From Data to Knowledge - 109 - Tamas Budavari  
Abstract Tamas Budavari (Johns Hopkins University, Physics & Astronomy) Observational astronomy in the time-domain era faces several new challenges. One of them is the optimal use of multiple detections in a sequence of repeated observations. The work presented here is focusing on faint sources at the detection threshold, and seeks to find an incremental strategy for separating real objects from random artifacts in ongoing surveys, where one does not have all the observations readily available.



From Data to Knowledge - 110 - Ashish Mahabal  
Abstract Ashish Mahabal (Caltech, Astronomy) For rare and time-constrained astronomical phenomena like transients, decisions have to be made quickly before the object fades and while more observations are still possible. The available data on which to base this is almost always fragmentary: (1) those coming from a small number of flux and positional observations during discovery, and (2) some from archival observations at different wavelengths.

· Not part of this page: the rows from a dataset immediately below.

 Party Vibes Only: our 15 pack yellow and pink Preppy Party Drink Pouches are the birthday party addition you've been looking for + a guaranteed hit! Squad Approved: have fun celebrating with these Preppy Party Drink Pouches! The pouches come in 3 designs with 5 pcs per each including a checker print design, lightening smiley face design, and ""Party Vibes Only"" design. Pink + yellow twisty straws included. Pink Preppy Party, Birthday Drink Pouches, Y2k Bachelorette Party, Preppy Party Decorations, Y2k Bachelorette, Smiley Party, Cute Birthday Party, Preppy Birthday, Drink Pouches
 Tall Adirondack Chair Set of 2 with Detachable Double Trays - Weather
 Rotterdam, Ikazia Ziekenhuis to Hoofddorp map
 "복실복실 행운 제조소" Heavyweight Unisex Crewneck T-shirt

The archival data are especially sparse because of (a) pointed observations and hence incomplete coverage of the sky, and (b) different flux levels reached by different sets of observations. The resulting datasets for transients have a large number of columns that are mostly empty and the priors that can be constructed from these are far from ideal. Using examples from the Catalina Realtime Transient Survey (CRTS) we explore Bayesian methodology to boost differences between the classes for learning to separate them. This technique will get used a lot in Time Domain Astronomy, but it should also find applicability in situations with sparse matrices elsewhere.

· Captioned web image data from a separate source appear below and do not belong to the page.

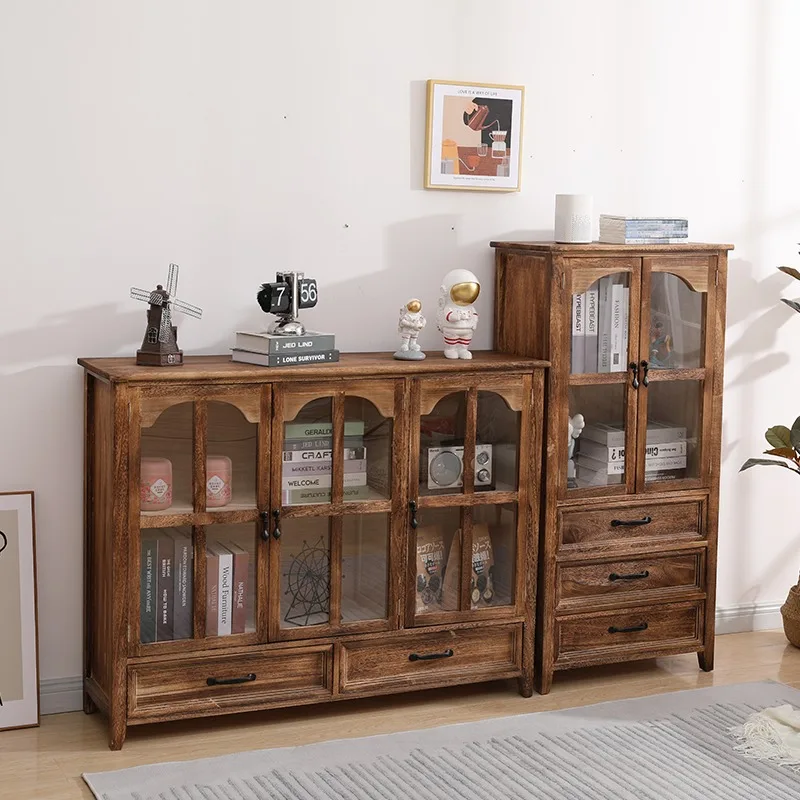 Narrow Rustic Living Room Cabinets Glass Wooden French Decoration Living Room Cabinets Display Meuble Rangement Furniture Home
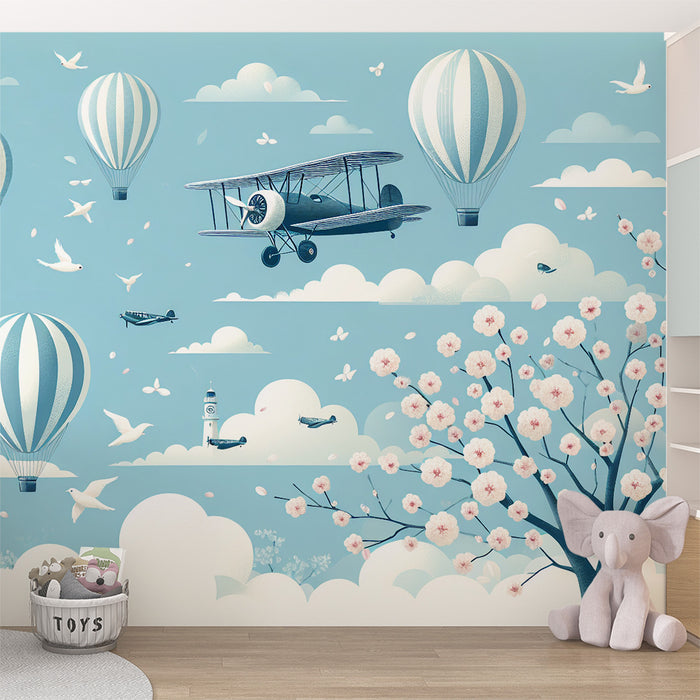 Papier peint montgolfière | Ballons bleu et blanc avec avions et cerisier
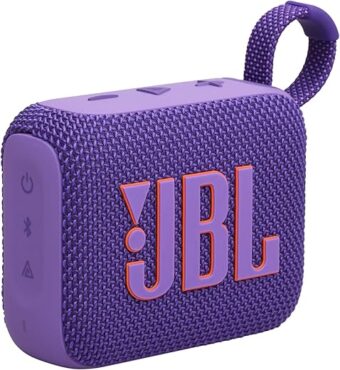 JBL Go 4 - Ultra-Portable, Waterproof and Dustproof Bluetooth Speaker, Big Pro Sound with punchy bass, 7-Hour Built-in Battery, Made in part with recycled materials (Purple)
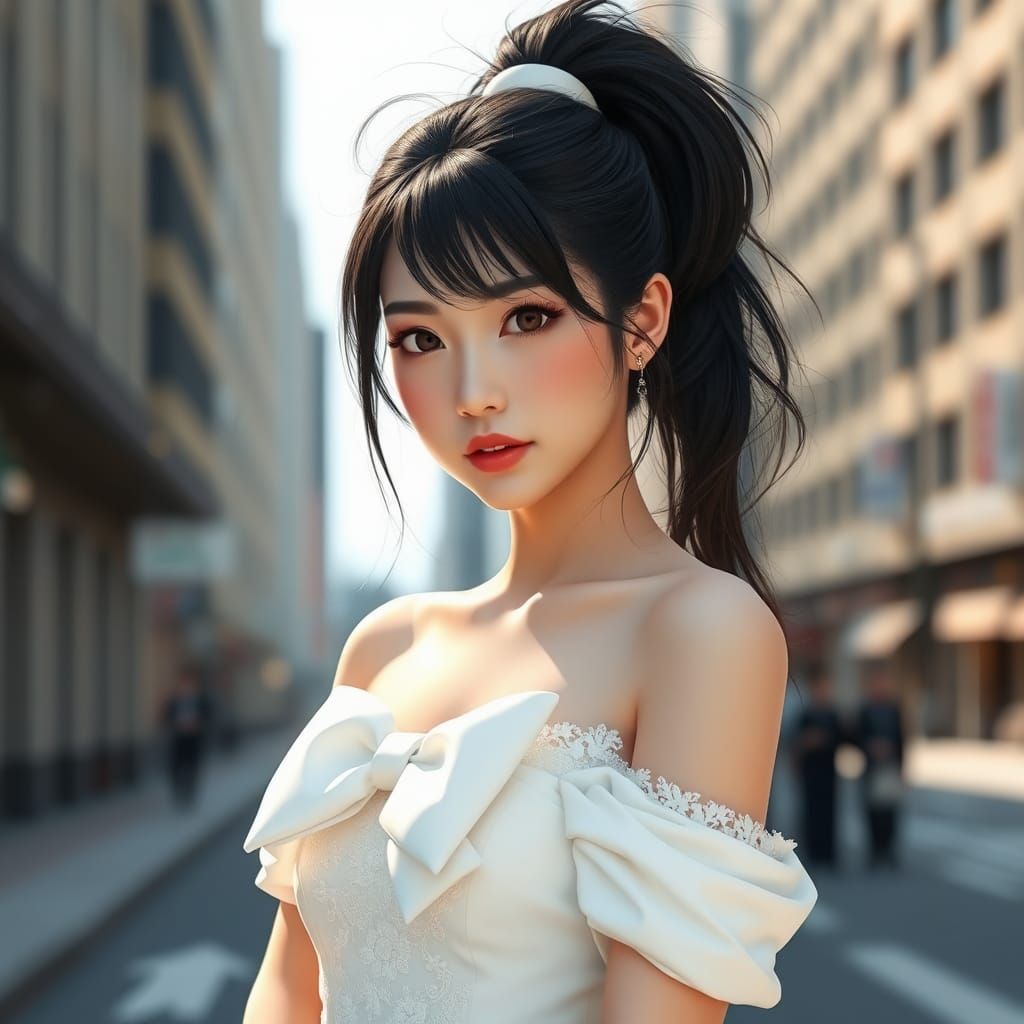 Elegant Asian Woman in Wedding Dress: 3D Anime Art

From Data to Knowledge - 111 - Josh Bloom  
 Joshua Bloom: "Classification of Astronomical Time Series in the Synoptic Survey Era". A video from the UC Berkeley Conference: From Data to Knowledge: Machine-Learning with Real-time and Streaming Applications (May 7-11, 2012).

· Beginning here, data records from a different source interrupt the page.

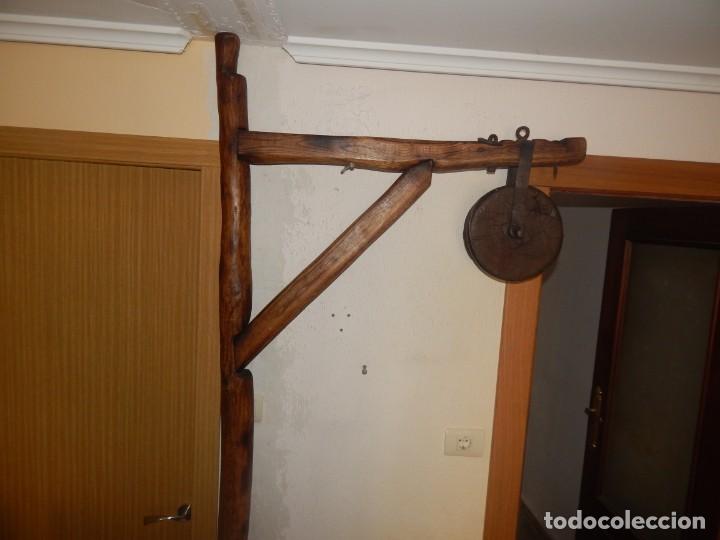 Antig&uuml;edades: Antigua escuadra polea de olmo y forja de canteros constructores - Foto 21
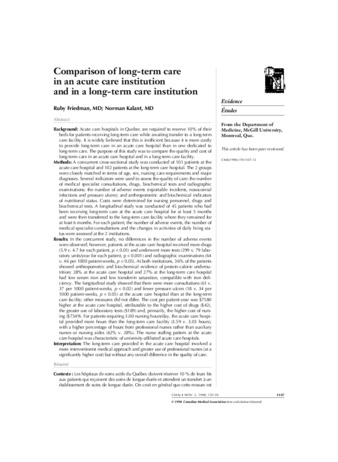 Comparison of long-term care in an acute care institution and in a long-term care institution thumbnail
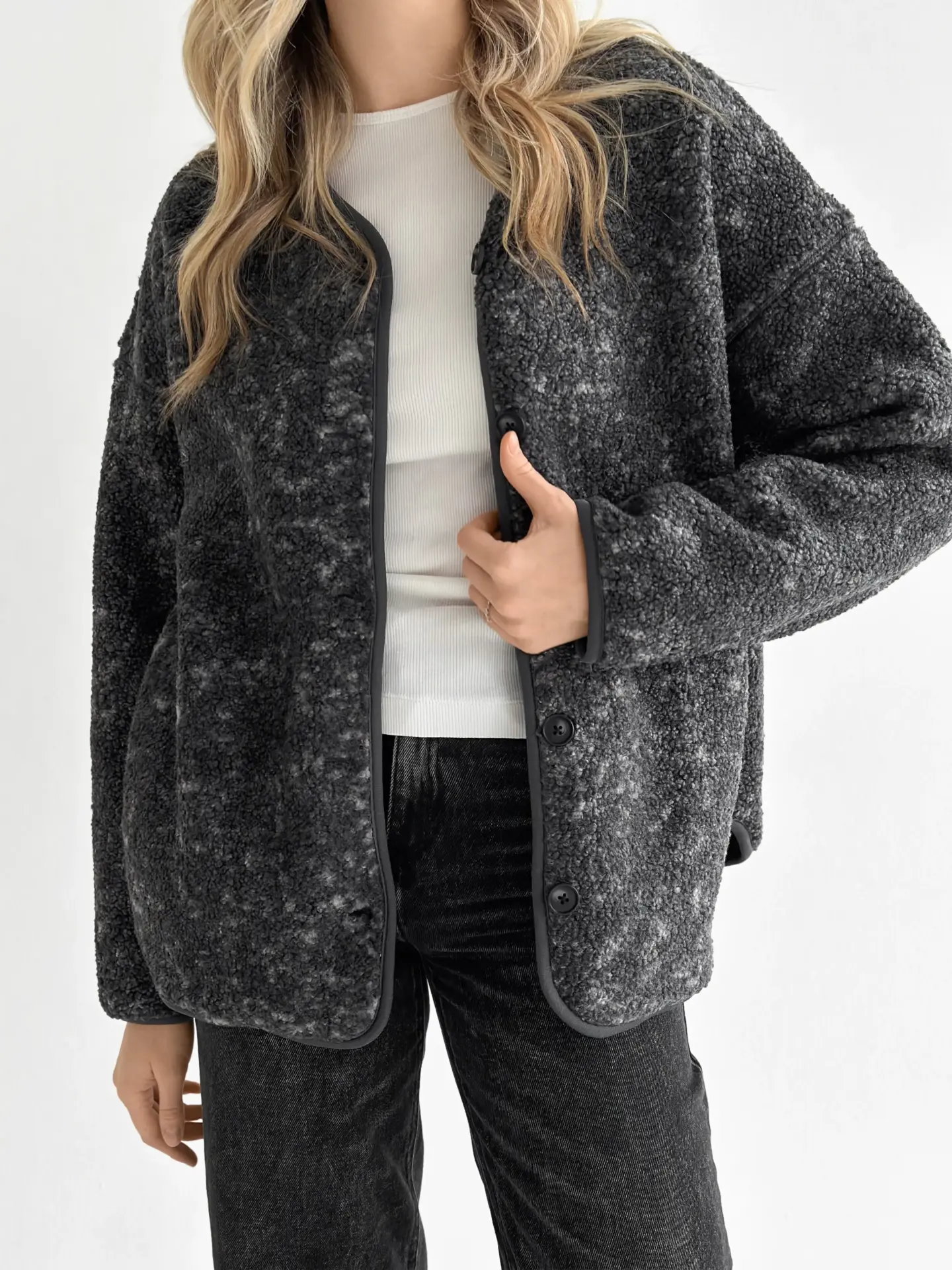 Куртка Teddy плюш демісезонна графіт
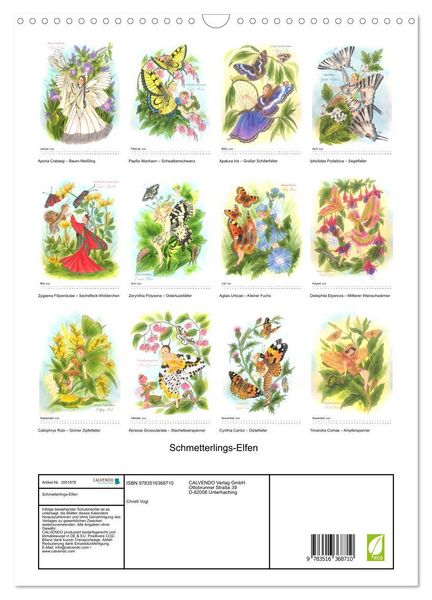 Produktbild: Schmetterlings-Elfen (Wandkalender 2026 DIN A3 hoch), CALVENDO Monatskalender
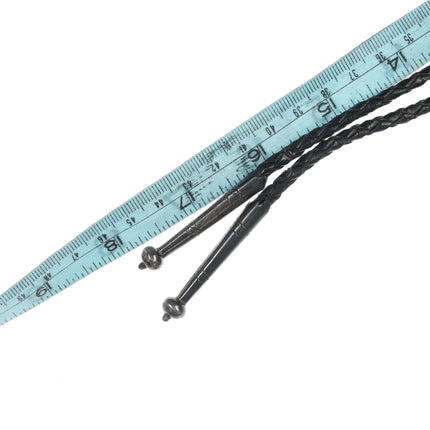 c1960 c-31 Zuni Suniface sterling channel inlay bolo tie - Estate Fresh Austin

Abstract: Joshua Bloom (UC Berkeley, Astronomy) We have entered the Synoptic Survey Era of observational astronomy, where data rates are quickly reaching several terabytes per night. A growing army of telescopes monitor, nightly, the brightnesses of millions, and soon to be upwards of a billion objects. Real-time analysis of these data is critical to determine which objects and events require timely observations with expensive follow-up resources. To maximize the scientific returns from these massive projects, sophisticated machine-learning tools must be used. Our group has been on the cutting edge of the methodological and algorithmic development for time-domain astronomical data analysis. I will describe several problems in which we have made great strides, including real-time ML classification of transient events, photometric supernova typing, and probabilistic classification of variable stars from long-baseline time series. We address a multitude of statistical issues, and in this talk I will describe our use of manifold learning for feature extraction in time series, active learning to overcome sample-selection biases, and semi-supervised learning to detect anomalies in data streams. I will describe the newly released Machine-learned ASAS Classification Catalog (MACC, www.bigmacc.info) and discuss the future of astronomical source catalogs.